Brent Scowcroft Center Senior Navy Fellow Mark Seip writes for the Huffington Post on what the United States can do to prepare for its foreign policy strategy:
More than raw talent or organizational history, the ability for a team to maximize its chance for success on any given Sunday is its preparation leading up to game time. Likewise, success on the field of foreign policy rests upon a country’s ability to apply intellectual rigor to the development of its strategy, ideally before that strategy must be implemented. With the myriad crises occurring recently, that preparation is even more critical so that a nation such as the United States can develop a playbook and be focused going forward. A failure to do said preparation will lead to reactive policies that will sow doubt about the nation’s reliability among allies and partners, and may even create outcomes that run counter to one another on the global scene.

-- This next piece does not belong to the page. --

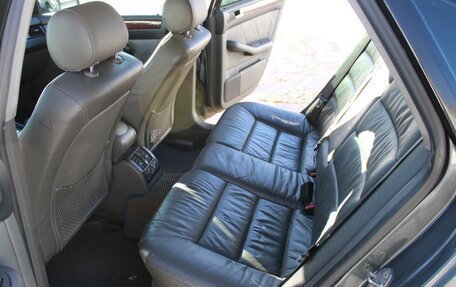 Audi A6, 2002 год, 530 000 рублей, 10 фотография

Therefore, like a team preparing for game day, the United States can break down its preparation in foreign policy into three basic but critical elements:
Know Yourself. The first and most critical step for a team is to acknowledge and understand its core strengths. The US reputation abroad is built on its support of universal values such as individual empowerment, freedom of speech and religion, and championing rule of law that preserves human dignity. By contrast, China and Russia focus on a transactional policy, using the accumulation of resources as their guiding principle. The United States needs to avoid the perception of falling into this mold and remain focused on the preservation of human dignity to the maximum extent possible in its policy development.